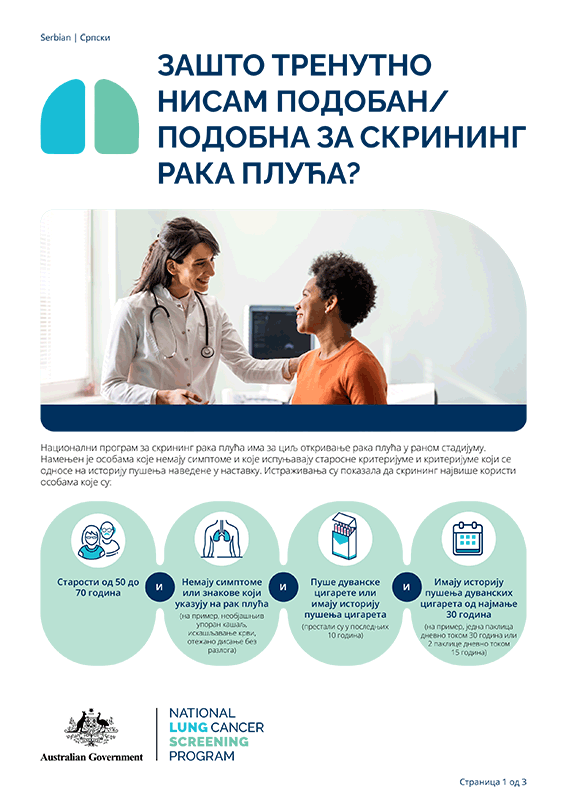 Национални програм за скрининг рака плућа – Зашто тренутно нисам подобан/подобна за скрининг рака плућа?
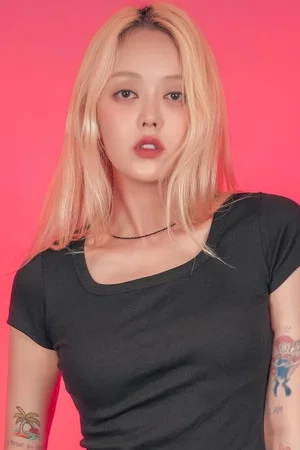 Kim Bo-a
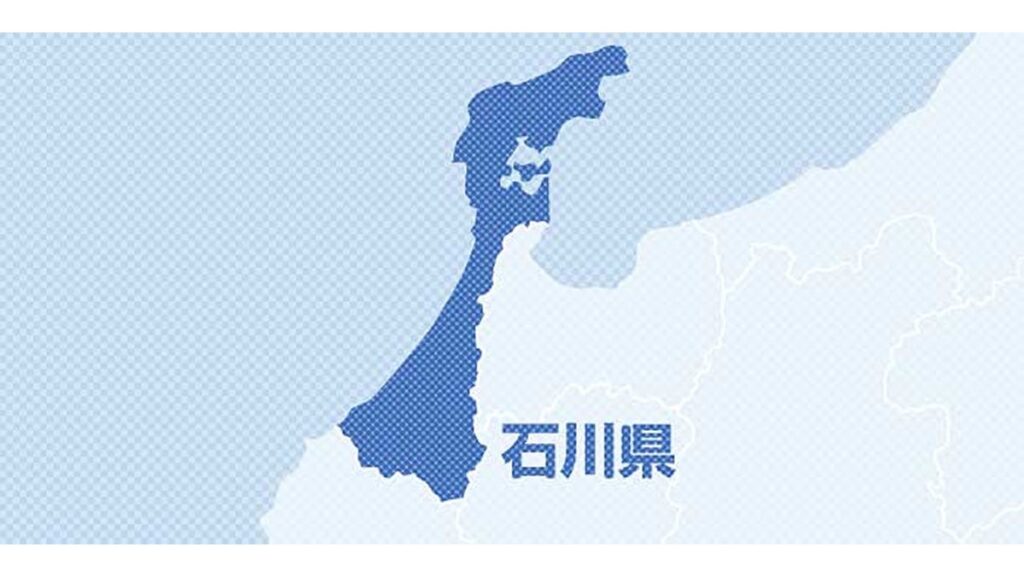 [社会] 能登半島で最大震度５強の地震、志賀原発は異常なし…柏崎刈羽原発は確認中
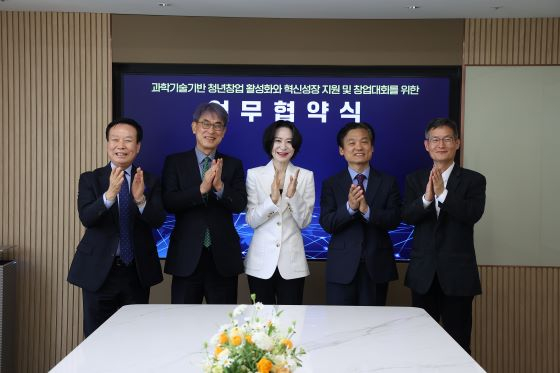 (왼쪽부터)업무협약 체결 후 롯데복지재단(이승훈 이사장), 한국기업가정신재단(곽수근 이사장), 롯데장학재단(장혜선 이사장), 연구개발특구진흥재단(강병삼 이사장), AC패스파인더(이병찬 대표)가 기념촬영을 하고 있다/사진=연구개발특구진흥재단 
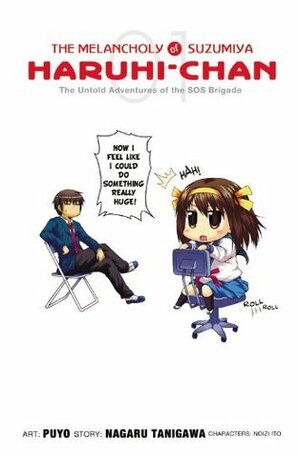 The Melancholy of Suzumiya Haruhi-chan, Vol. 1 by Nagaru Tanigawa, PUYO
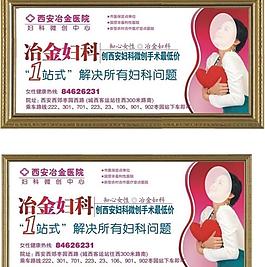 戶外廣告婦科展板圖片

◇ ◇ ◇ ◇ ◇ ◇ ◇

**Problem statement:** Up to and including the line that contains "[社会] 能登半島で最大震度", print the records above exactly from their first line, without any pictures.

**Solution:**
 Национални програм за скрининг рака плућа – Зашто тренутно нисам подобан/подобна за скрининг рака плућа?
 Kim Bo-a
 [社会] 能登半島で最大震度５強の地震、志賀原発は異常なし…柏崎刈羽原発は確認中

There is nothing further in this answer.